» **WORK REQUIRED**:
All the records that follow need to be reproduced exactly. Omit the images.

· · · · · · ·

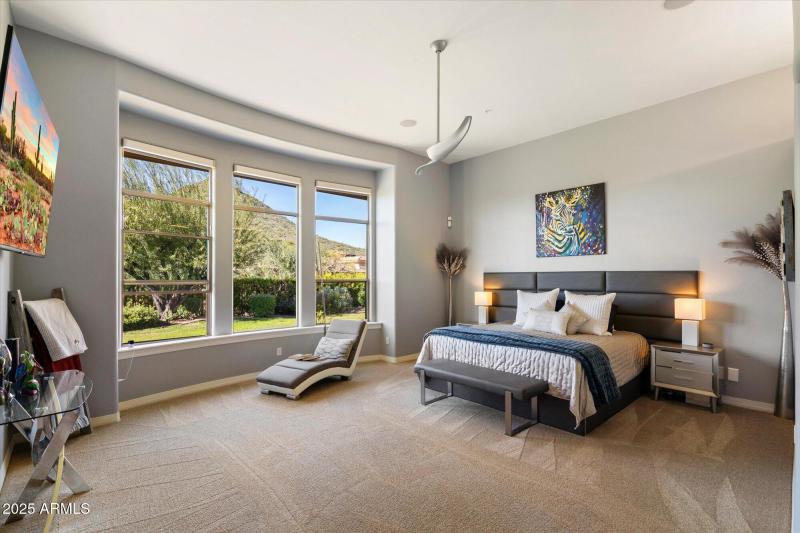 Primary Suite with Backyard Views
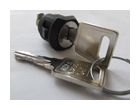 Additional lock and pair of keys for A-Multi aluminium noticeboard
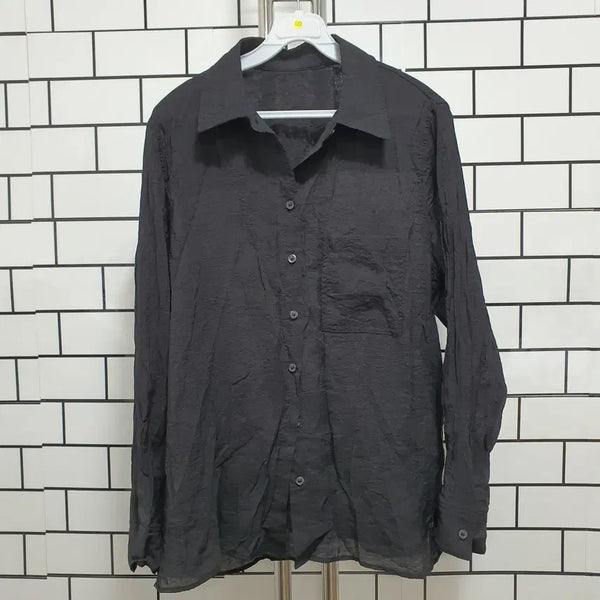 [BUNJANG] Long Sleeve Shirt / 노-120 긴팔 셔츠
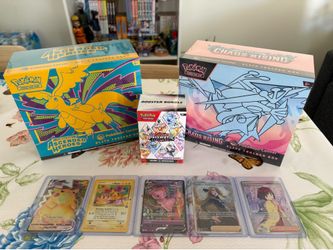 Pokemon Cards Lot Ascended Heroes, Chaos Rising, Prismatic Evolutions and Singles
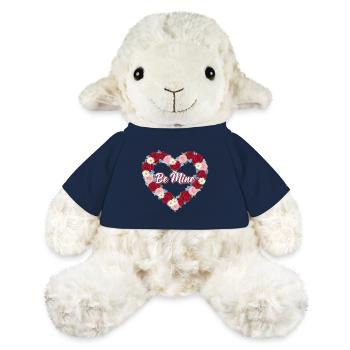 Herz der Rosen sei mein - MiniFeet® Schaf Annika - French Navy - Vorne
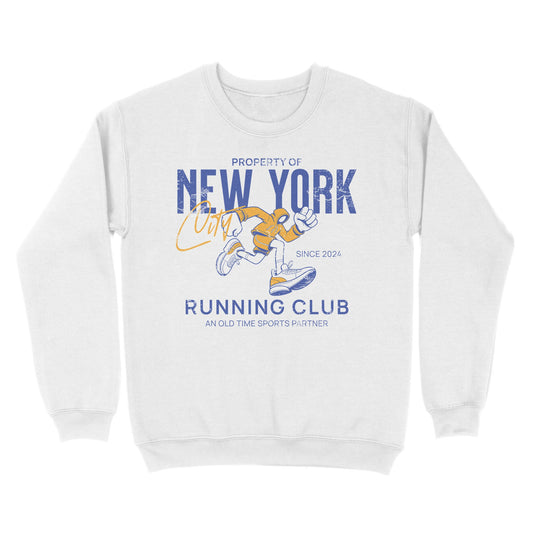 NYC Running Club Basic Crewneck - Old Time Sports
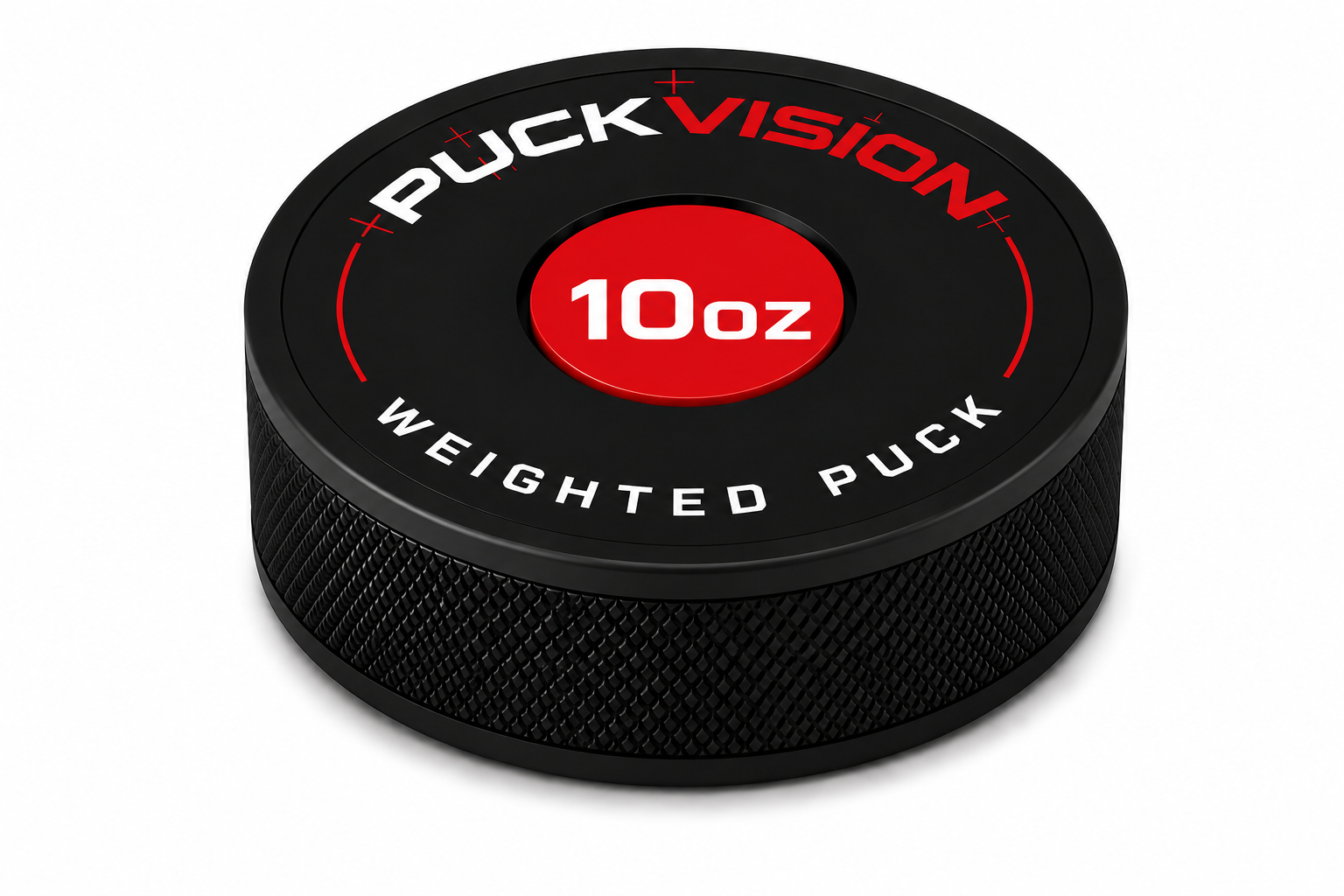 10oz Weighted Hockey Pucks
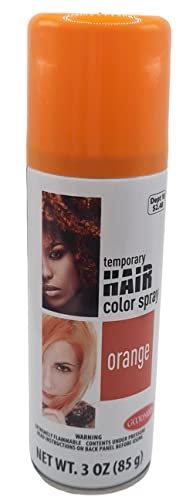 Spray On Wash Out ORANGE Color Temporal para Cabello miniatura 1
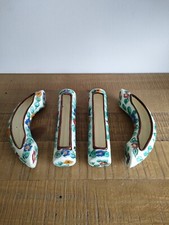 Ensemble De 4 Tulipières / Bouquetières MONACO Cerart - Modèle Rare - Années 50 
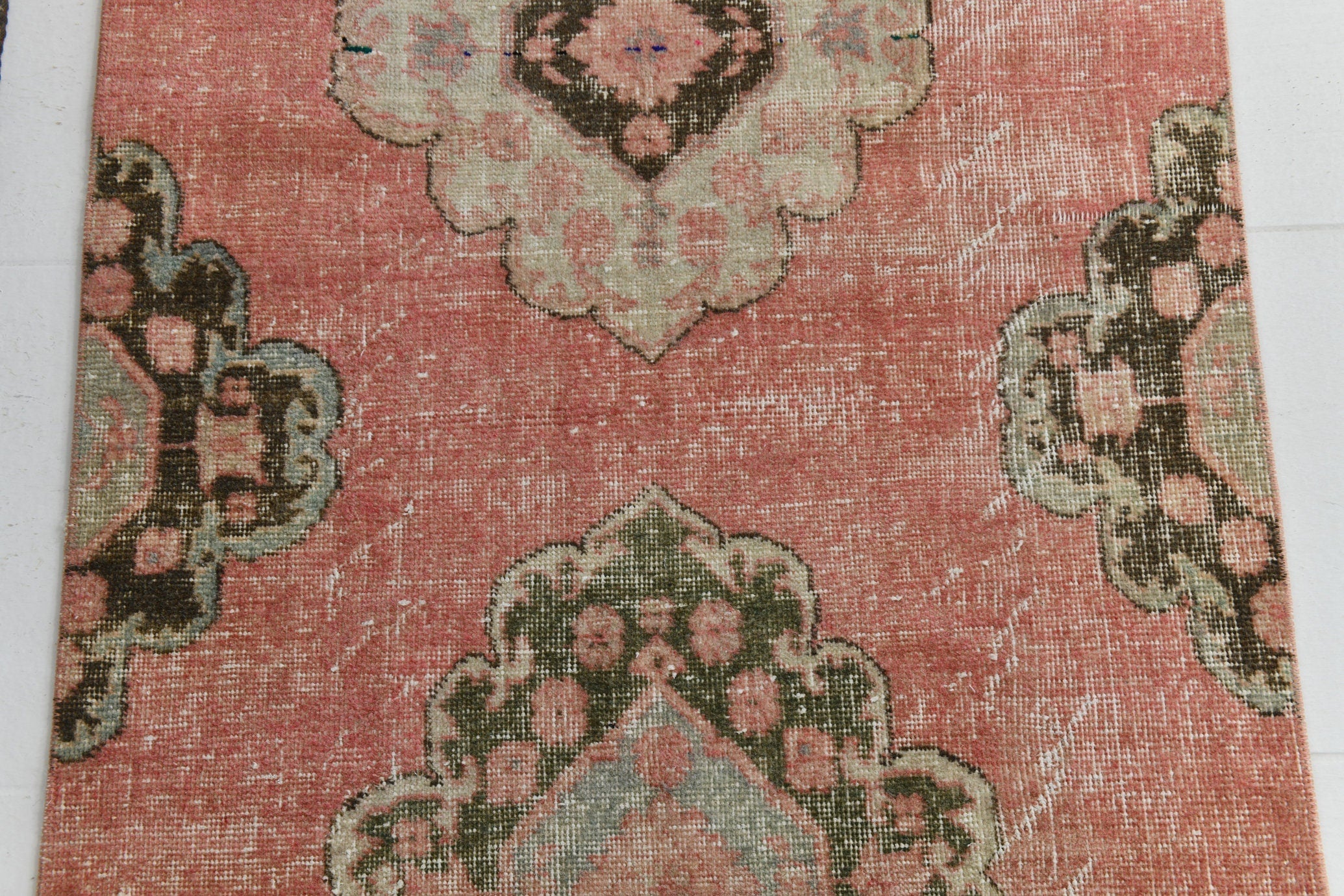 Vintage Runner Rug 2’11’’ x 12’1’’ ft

· · · · · · ·

» **RESULT OF THE EXERCISE**:
 Primary Suite with Backyard Views
 Additional lock and pair of keys for A-Multi aluminium noticeboard
 [BUNJANG] Long Sleeve Shirt / 노-120 긴팔 셔츠
 Pokemon Cards Lot Ascended Heroes, Chaos Rising, Prismatic Evolutions and Singles
 Herz der Rosen sei mein - MiniFeet® Schaf Annika - French Navy - Vorne
 NYC Running Club Basic Crewneck - Old Time Sports
 10oz Weighted Hockey Pucks
 Spray On Wash Out ORANGE Color Temporal para Cabello miniatura 1
 Ensemble De 4 Tulipières / Bouquetières MONACO Cerart - Modèle Rare - Années 50 
 Vintage Runner Rug 2’11’’ x 12’1’’ ft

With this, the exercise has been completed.